Early on in the organizing process members of the BNHR prioritized work on legalization of undocumented communities and abuse of authority, but these priorities were always placed in the larger context of human rights. BNHR members developed a list of 13 community priorities central to the permanent work of BNHR. These 13 fundamental priorities were developed through the direct involvement and participation of communities and they specify the core issues that affect the well-being and those that local communities defined as “basic human rights.”

Permanent Residency (legalization)
Civil and Constitutional Rights
Labor Rights
Dignified Housing
Access to Education
Healthy Communities
Nutrition
Public Service
Culture and Language
Civic Community Participation
Human Mobility
Dignity and Respect
Peace and Justice.
These 13 basic Human Rights are a reflection of the communities that make up the work and mission of the BNHR.

The organizing efforts of the Border Network for Human Rights have formed directly and indirectly more than 20 Community-Based Committees for Human Rights in impacted border and interior communities, specifically within immigrant neighborhoods and Colonias, and have trained more the 100 human rights promoters to coordinate the organizing within their immigrant communities.
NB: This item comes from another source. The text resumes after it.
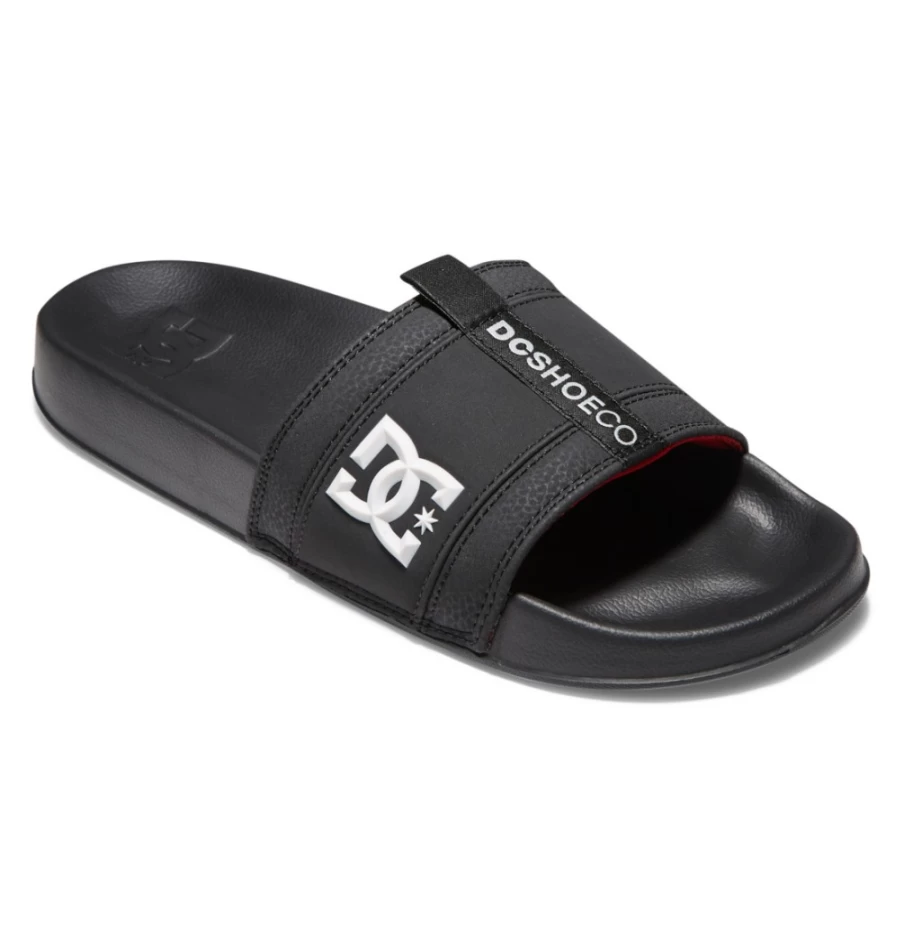 DC Shoes Men's Lynx Slides - Black/Grey/Red Athletic Sandals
Also, BHNR has more that 5 years experience using the testimonial documentation of abuses of authority as an important tool for community organizing around the promotion and defense of human rights along the U.S./Mexico Border. The BNHR has developed an in-depth study of applicable national and international legal and regulatory authorities that has been published as the Human Rights Abuse Documentation Reference Manual. The BNHR organized the first grassroots campaigns to document human rights violations and abuse of authority of law enforcement in border areas on December of 2000, December 2002 and December 2003.
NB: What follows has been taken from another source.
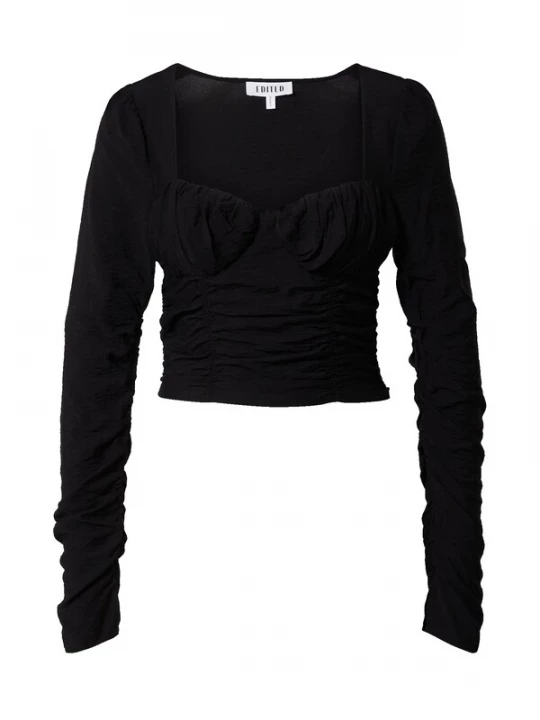 Foto van product EDITED Shirt 'Giorgina' zwart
Currently, the Border Network for Human Rights (BNHR) focuses its organizing work in immigrant communities of El Paso Colonias and in southern New Mexico (Las Cruces, Anthony, Chaparral, Vado, Berino, etc.). BNHR is also supporting initial organizing efforts with immigrant communities in the Rio Grande Valley, Houston, Dallas, and New Jersey.

Throughout the work and history of the BNHR the success has been measured in three important ways: are the communities more aware of their human and constitutional rights; are those same communities utilizing their new knowledge to defend and promote their rights in stemming the abuse of authority of one of the many law enforcement agencies working the U.S./Mexico Border region; and finally, are the voices of these community based human rights committees having a positive impact at the state and national level when it comes to the implementation of fair immigration reform policies. The constant challenge is to collectively create a culture of human rights for the community as a whole, when what we have is a culture of “legalized” abuse [of authority].
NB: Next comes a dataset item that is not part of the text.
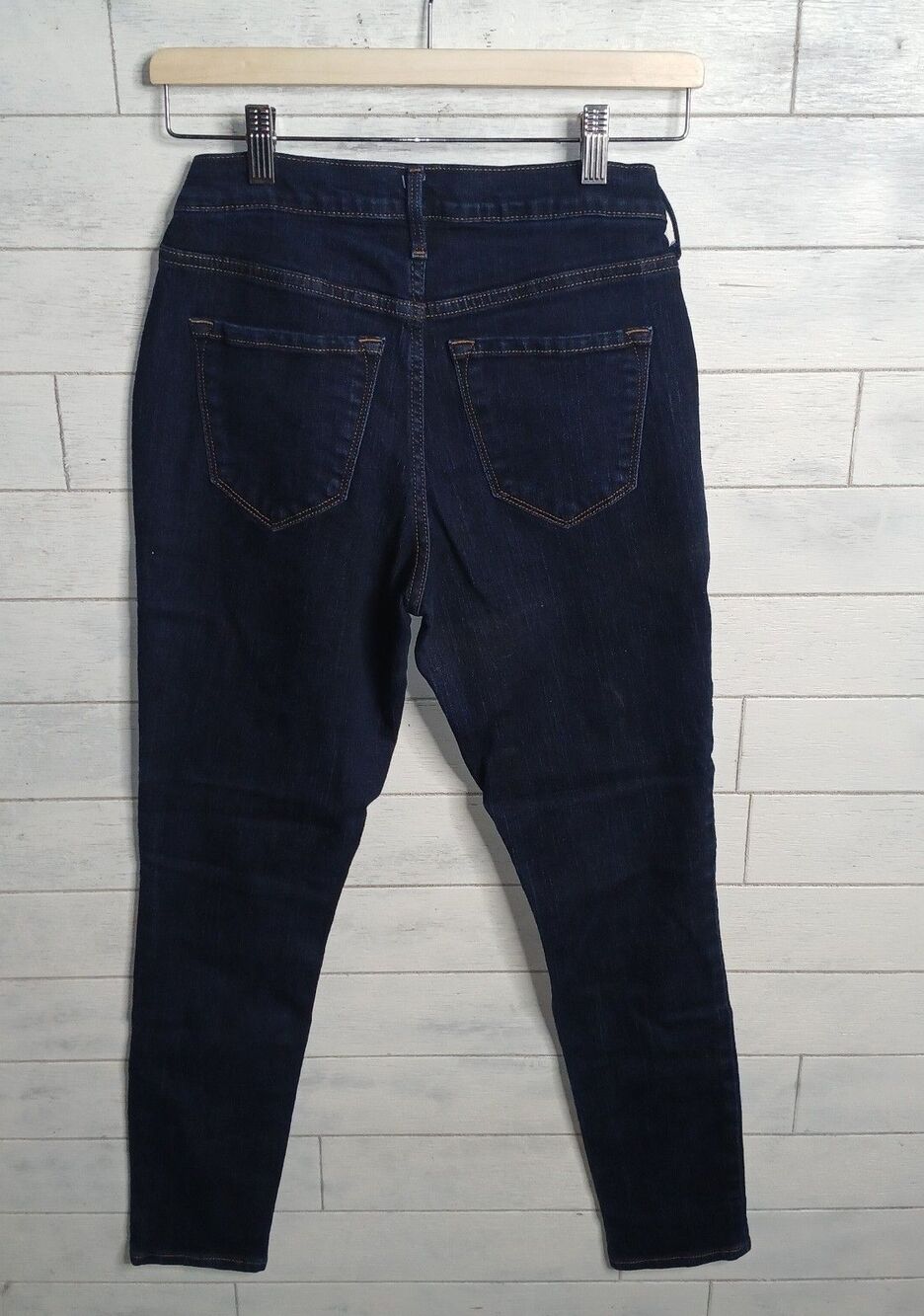 Old Navy Curvy Skinny Jeans Size 2 Dark Wash Preowned Dark Wash Barely Worn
Within every region of the country, the BNHR is measuring its success by the number of Human Rights Promoters and Human Rights Trainers organized and by the number of active Human Rights Committees working towards their specific objectives and goals. BNHR members will gauge their growth and accomplishments by having their collective voices present in the push for fair and comprehensive immigration reform at the state and federal level as well as in their constant local work of defending and promoting their human and constitutional rights.

Both at the local, regional and at the national level, the consolidation process of our education and organizing work (Promoters, trainers and committees) as well as the carrying out of our objectives and goals (community participation in the defense and the promotion of human rights, documentation of abuse of authority, a fair and comprehensive immigration reform and equality in dignity and respect) will be an evaluation method utilized to measure the success of the work of the BNHR.

Problems and Issues to be addressed
Global poverty and inequality have increased so dramatically during the past 50 years to the point that many persons are forced to migrate simply as a means of basic survival, let alone to grow and develop their potential. Ultimately, this movement of people is an autonomous form of resistance against global injustice. Respect for the rights of immigrants before, during and after the process of migration is key in order to fulfill needs and uphold Human Rights. The United States’ immigration policy and militaristic border control measures implemented along the U.S.-Mexico border do not respect nor protect the fundamental human rights. Instead, in the resulting culture of abuse and violence, migrants are considered to be “less-than-human” and labeled “criminals” and even “national security threats”.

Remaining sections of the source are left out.